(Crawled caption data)
= Beginning of Section =

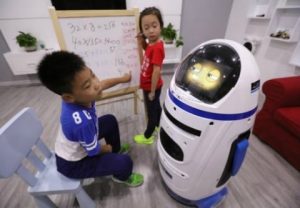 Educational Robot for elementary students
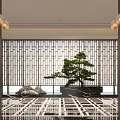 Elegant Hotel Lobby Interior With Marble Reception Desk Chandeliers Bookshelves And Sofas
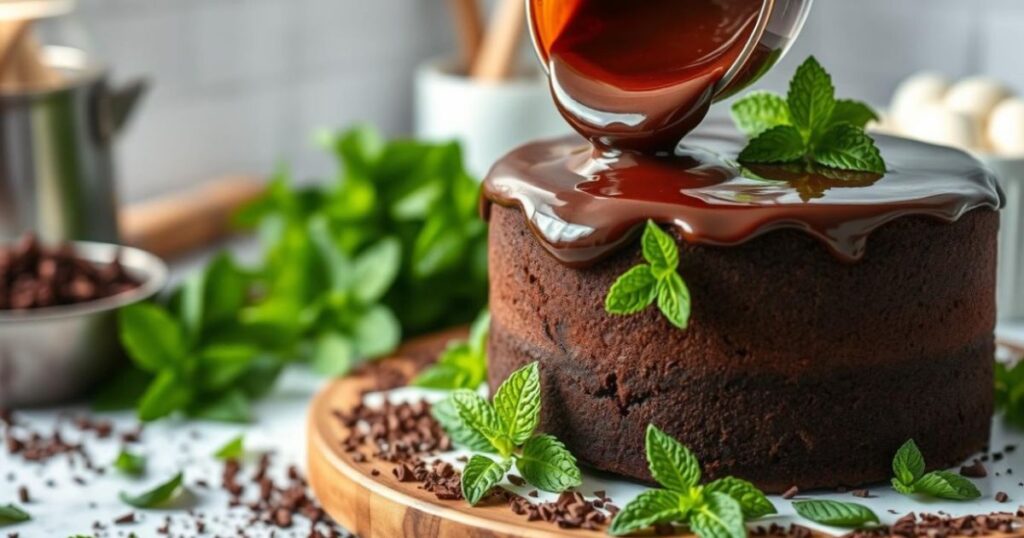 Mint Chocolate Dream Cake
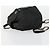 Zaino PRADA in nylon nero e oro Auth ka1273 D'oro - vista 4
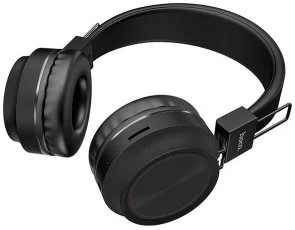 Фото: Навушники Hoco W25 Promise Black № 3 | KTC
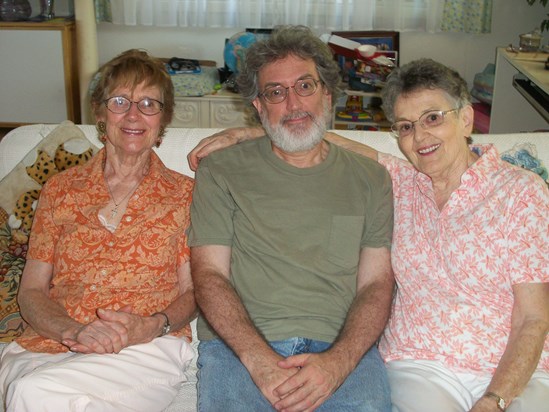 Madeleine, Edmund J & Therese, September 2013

= End of Section =

Each record must be repeated exactly, and no picture may be carried over.

 Educational Robot for elementary students
 Elegant Hotel Lobby Interior With Marble Reception Desk Chandeliers Bookshelves And Sofas
 Mint Chocolate Dream Cake
 Zaino PRADA in nylon nero e oro Auth ka1273 D'oro - vista 4
 Фото: Навушники Hoco W25 Promise Black № 3 | KTC
 Madeleine, Edmund J & Therese, September 2013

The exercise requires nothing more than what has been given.